But now even their midranges are getting decent GPUs. The MT675x have better GPUs than Snapdragon 615617, the 673x have much better GPUs than the S410/412 (which has an embarrassingly ancient GPU in it).
They're raising (their own) bar at a really high pace, IMO.
GPU performance continues to scale everywhere.Chinese smartphones have still a sizeable distance in GPU performance compared to Android/iOS high end solutions.
Don't you mean the G6200@700MHz has
close to 30% of the performance of a Mali880MP4@900MHz (more like 40%)? The Helio X10 is actually 60% slower than the Kirin 950.
The MT6795 has a 6200@700MHz for which I don't know why the specific HTC has as crappy performance, but a 6200@700MHz looks more like that:
https://gfxbench.com/device.jsp?benchmark=gfxgen&os=Android&api=gl&cpu-arch=ARM&hwtype=GPU&hwname=Imagination Technologies PowerVR Rogue G6200&did=25741695&D=Gionee GN9008
Maybe crappy drivers and a 6795M variant with quite a bit lower frequencies?
For the record the upcoming HelioX20 (MT6797 - decacore yadda yadda....) will have a Mali T880MP4 clocked at 700MHz. If the Mate with it's MP4@900MHz gets 17+ in Manhattan 3.0 the upcoming Mediatek X20 GPU might end up in the 13-14fps region which is exactly where A7 GPUs and the likes of that generation stands in performance.

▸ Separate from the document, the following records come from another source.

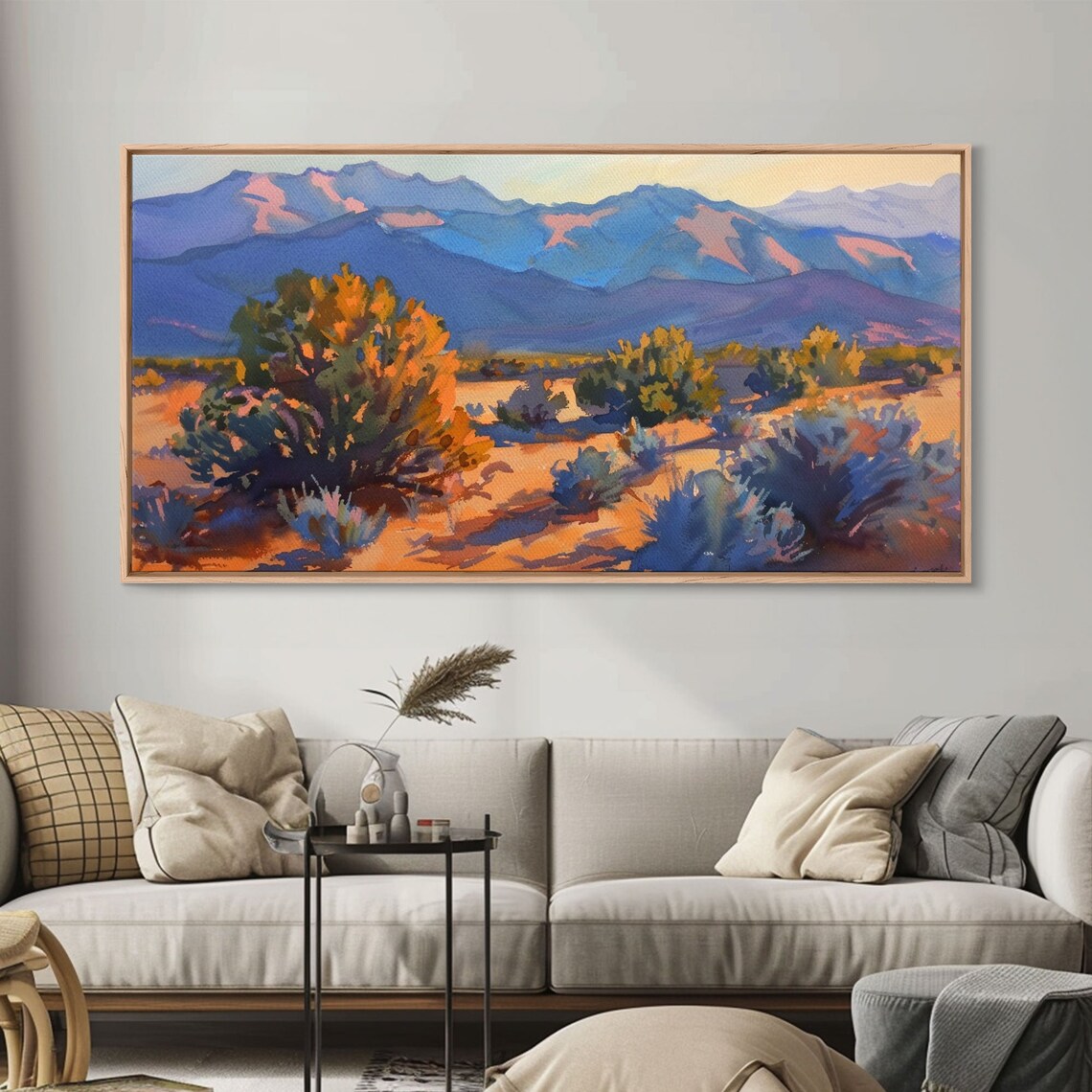 Serene Desert Landscape With Mountains Beautiful Living Room Art Framed Print Farmhouse Style Rustic Wall Decor - Image 5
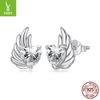 S925 Sterling Silver Love Wing Stud Earrings Popular Love Wing Stud Earrings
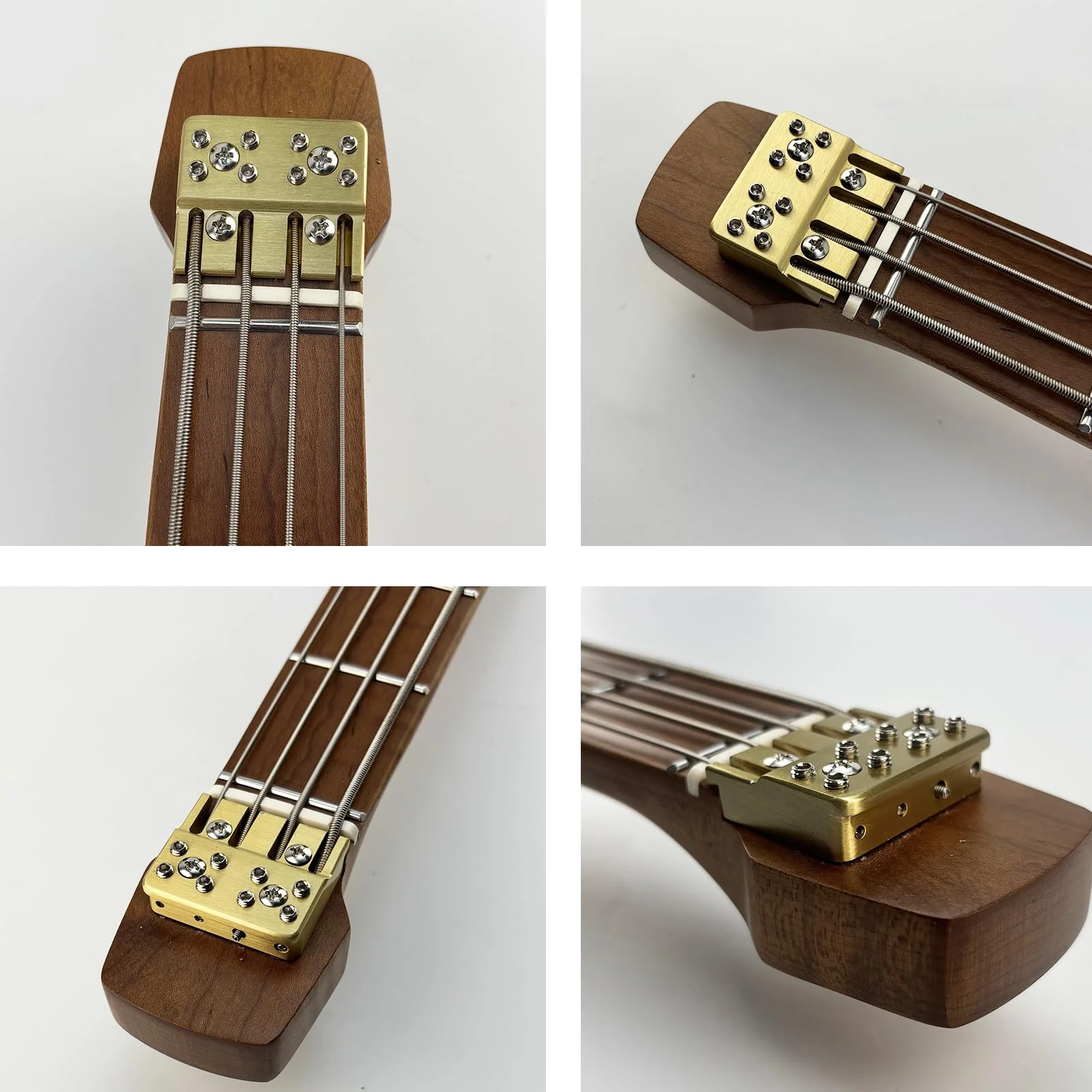 Guitar Bridge String Locks 4 String Bass String Locking Nut Headless Bass Guitar String Lock Brass String Locking for Headless Electric Bass Guitar Replacement Parts （Brass) 4 String Lock Brass natural colour - Image 5
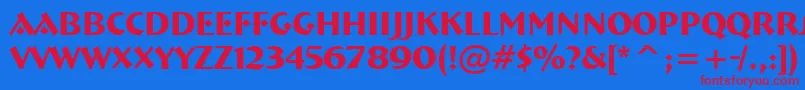 フォントBremenBoldBt – 赤い文字の青い背景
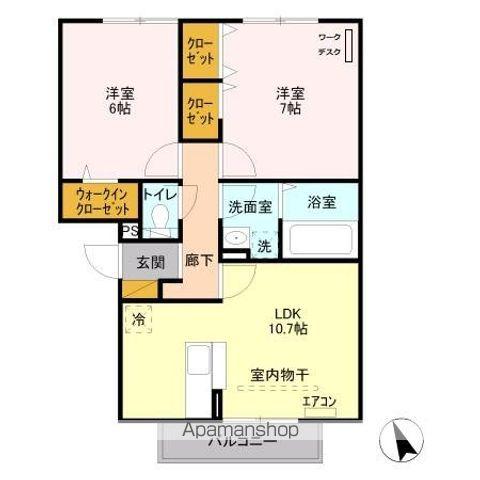 メディオTM(2LDK/1階)の間取り写真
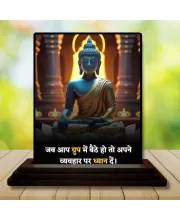 Car Dashboard Gautama Buddha Wooden Photo Stand  3x4 Inches, Compact & Stylish Spiritual Display For Car, Home & Office (Pack Of 1) (F48812)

That all assuming the Kirin950 doesn't have immature GPU drivers. In any other case it might end rather in the A8 GPU/Adreno430 region and it'll be one instead of two generations behind for which I'll of course stand corrected. For the moment I just use the existing data.
Today we have at the highest smartphone end an Adreno530 for Android vs. a 6 cluster GT7600 for iOS. The highest end Rogue you'll see from IMG's IP portofolio in chinese stuff sounds more like a dual cluster GT7200, which will be quite a bit ahead compared to today's G6200s, but also considering frequency differences at least 2x times lower than the peak smartphone GPUs. I'd estimate a GT7200@700MHz at 20-21 fps in Manhattan3.0; GT7600 & Adreno530 are in the 41-49 fps range.
Except if we
look at "long term performance" results, the Adreno 420 is barely any better than the Adreno 330. Which definitely leaves you thinking..
That's QCOM's own problem and their DX11 craze for Microsoft's wet dreams which didn't lead anywhere.
Hum.. and GPGPU will start rising performance on smartphone applications such as?
Javascript seems hopelessly dependent on single-threaded performance. Photo/Video processing seems to consistently need fixed-function DSPs.
Are we going to perform physics simulations on smartphones? Run advanced video/image editing software?
Unless you're thinking of the transition to the smartphone-as-a-PC when docked to a screen+keyboard+mouse on Android, I don't see any actual need for this ever increasing GPU performance at the moment.
No let's leave SoCs as they are because we can scale CPU core amount and/or frequencies there endlessly. Not only do SoCs need a fine balance between CPU and GPU processing power (like everywhere else), but scaling GPU performance within boundaries is by a lot cheaper than with CPUs because GPUs actually scale almost linearly with increasing cluster (say "core" count for marketing's sake) count. Both ARM and IMG have endless blog entries about GPGPU and no not every vendor can use a crapload of dedicated processing units nor can everyone develop them. In such a case where you actually need a fair amount of parallel processing the GPU is ideal and will burn way less power than any garden variety CPU out there:
http://blog.imgtec.com/powervr/measuring-gpu-compute-performance (bottom of the page has links to even more articles).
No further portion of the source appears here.